The V6 file system we provide you has an inode cache and a block cache, and uses delayed writes to push modified data back to the underlying disk image. If the file system crashes, this is likely to result in metadata inconsistencies. For example, blocks still allocated in files might be marked free, posing a danger of cross-allocation, or directory entries might point at unallocated inodes.
We supply you with a file system scavenger program fsckv6
that can
restore a disk image to a consistent state using techniques similar
to those discussed in lecture, but it may result in heavy data loss.
If there have been a lot of metadata changes, you
will likely lose files.
The good news is that we've augmented the file system to keep a write-ahead log of all metadata changes. We've also created a program that can replay log entries after a crash to recover lost metadata and ensure that file system data structures are consistent.

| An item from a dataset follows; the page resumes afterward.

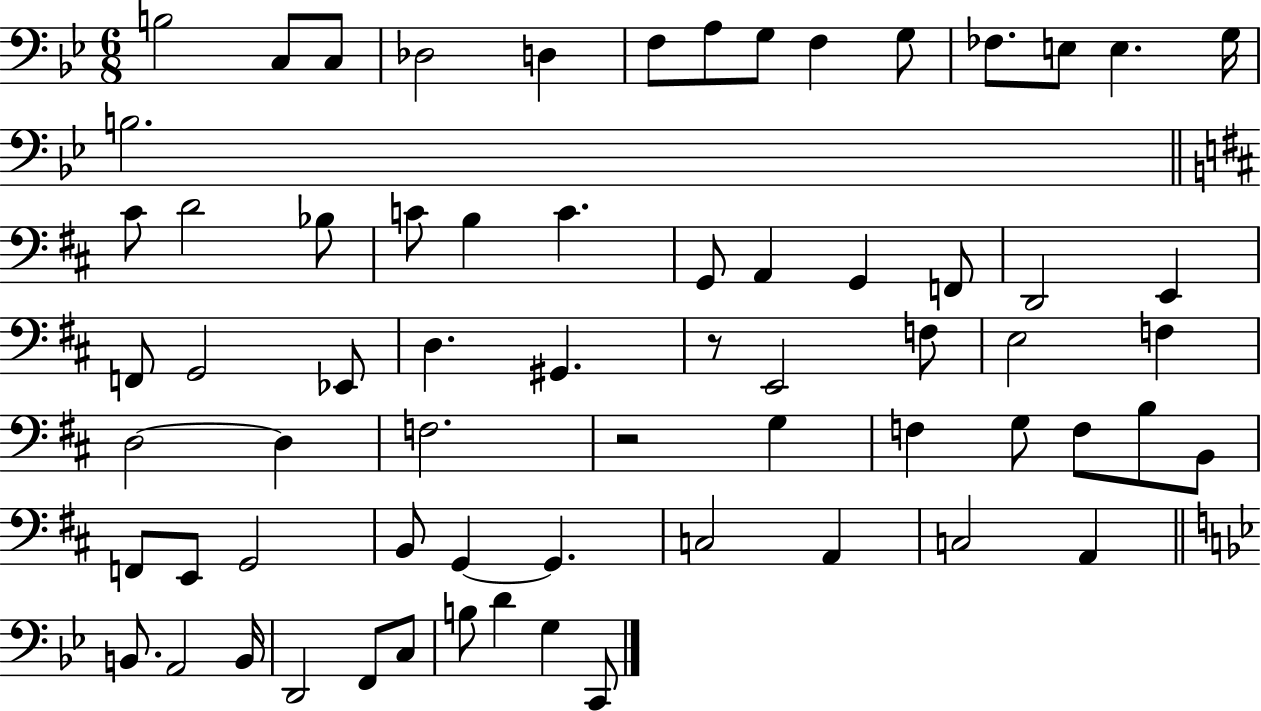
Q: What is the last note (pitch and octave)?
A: C2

Your task for this assignment is to write code to replay 3 different kinds of log entries. The actual code you will write is tiny (only about a dozen lines), but you'll need to spend a bit of time learning about how the log works and about other facilities in the file system that you will use to write your code, such as the block cache and the freemap.
Getting Started
Login to the myth cluster and clone the starter repo with this command:
git clone /afs/ir/class/archive/cs/cs111/cs111.1236/repos/assign8/$USER assign8
This will create a new directory assign8
in your current
directory and clone a Git starter repository into that
directory. Do your work for the assignment
in this directory.
You will make all of your code changes in replay.cc
, which is responsible
for replaying log entries after a crash.
The directory also contains a Makefile
; if you type make
, it
will create several executables, including the following:
mkfsv6
: Creates an image file for a disk with no files other
than a root directory; the file system will use this
as if it were a disk, to store file system data.
mountv6
: This is the file system driver.
fsckv6
: A version of fsck for the V6 file system. It will restore
consistency to the disk, but it's likely to lose a lot of information.
recover
: This program will contain your code for crash recovery; it
will run after crashes to replay the log and restore consistency to the disk.
Try running make
now, followed by tools/sanitycheck
: almost all of
the tests should fail. See the section Testing Your Code below
for more information about how to test your assignment (the infrastructure
is a bit different from previous assignmnents).
Exercise 1: Using the FUSE Implementation of Unix V6
This exercise will walk you through how to run the FUSE implementation of the Unix V6 file system. In order to use a file system you must mount it. When a file system is mounted, its root directory overlays an existing directory in a parent file system; all of the information in the mounted file system will suddenly appear where the mount directory used to be.
Your starter repo contains a directory mnt
; you'll mount the V6
file system on top of it. Make sure that mnt
exists (it should have
a README.txt
file explaining the behavior of the mount directory).
Now invoke the following commands:
cp samples/disk_images/assign1.img v6.img
./mountv6 -j v6.img mnt &
The first command makes a private copy of a disk image that we have
created for you. The mountv6
command runs our implementation of
the V6 file system using v6.img
as the disk image: it mounts the
file system over the mnt
directory and will handle requests to access that file system
(the -j
option tells it to use its journaling mechanism
to track metadata changes).
This command will continue running in the background until the file
system is unmounted.
The output that appears on your screen may seem confusing because mountv6
is running concurrently with the shell and each program generates output (the
shell writes a prompt and mountv6
generates an information message).
This is a race, so the outputs may appear in any order.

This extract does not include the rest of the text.